Recurrent Layers

Recurrent

keras.layers.recurrent.Recurrent(return_sequences=False, return_state=False, go_backwards=False, stateful=False, unroll=False, implementation=0)

Abstract base class for recurrent layers.

Do not use in a model -- it's not a valid layer! Use its children classes LSTM, GRU and SimpleRNN instead.
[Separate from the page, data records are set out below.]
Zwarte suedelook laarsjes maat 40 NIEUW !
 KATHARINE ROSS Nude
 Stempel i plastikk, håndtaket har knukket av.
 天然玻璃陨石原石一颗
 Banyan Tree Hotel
All recurrent layers (LSTM, GRU, SimpleRNN) also follow the specifications of this class and accept the keyword arguments listed below.

Example

# as the first layer in a Sequential model
model = Sequential()
model.add(LSTM(32, input_shape=(10, 64)))
# now model.output_shape == (None, 32)
# note: `None` is the batch dimension.

# for subsequent layers, no need to specify the input size:
model.add(LSTM(16))

# to stack recurrent layers, you must use return_sequences=True
# on any recurrent layer that feeds into another recurrent layer.
# note that you only need to specify the input size on the first layer.
model = Sequential()
model.add(LSTM(64, input_dim=64, input_length=10, return_sequences=True))
model.add(LSTM(32, return_sequences=True))
model.add(LSTM(10))

Arguments

weights: list of Numpy arrays to set as initial weights. The list should have 3 elements, of shapes: [(input_dim, output_dim), (output_dim, output_dim), (output_dim,)].
return_sequences: Boolean. Whether to return the last output in the output sequence, or the full sequence.
return_state: Boolean. Whether to return the last state in addition to the output.
go_backwards: Boolean (default False). If True, process the input sequence backwards and return the reversed sequence.
stateful: Boolean (default False). If True, the last state for each sample at index i in a batch will be used as initial state for the sample of index i in the following batch.
unroll: Boolean (default False). If True, the network will be unrolled, else a symbolic loop will be used. Unrolling can speed-up a RNN, although it tends to be more memory-intensive. Unrolling is only suitable for short sequences.
implementation: one of {0, 1, or 2}. If set to 0, the RNN will use an implementation that uses fewer, larger matrix products, thus running faster on CPU but consuming more memory. If set to 1, the RNN will use more matrix products, but smaller ones, thus running slower (may actually be faster on GPU) while consuming less memory. If set to 2 (LSTM/GRU only), the RNN will combine the input gate, the forget gate and the output gate into a single matrix, enabling more time-efficient parallelization on the GPU.
- Note: RNN dropout must be shared for all gates, resulting in a slightly reduced regularization.
input_dim: dimensionality of the input (integer). This argument (or alternatively, the keyword argument input_shape) is required when using this layer as the first layer in a model.
input_length: Length of input sequences, to be specified when it is constant. This argument is required if you are going to connect Flatten then Dense layers upstream (without it, the shape of the dense outputs cannot be computed). Note that if the recurrent layer is not the first layer in your model, you would need to specify the input length at the level of the first layer (e.g. via the input_shape argument)

Input shapes

3D tensor with shape (batch_size, timesteps, input_dim), (Optional) 2D tensors with shape (batch_size, output_dim).

Output shape

if return_state: a list of tensors. The first tensor is the output. The remaining tensors are the last states, each with shape (batch_size, units).
if return_sequences: 3D tensor with shape (batch_size, timesteps, units).
else, 2D tensor with shape (batch_size, units).

Masking

This layer supports masking for input data with a variable number of timesteps. To introduce masks to your data, use an Embedding layer with the mask_zero parameter set to True.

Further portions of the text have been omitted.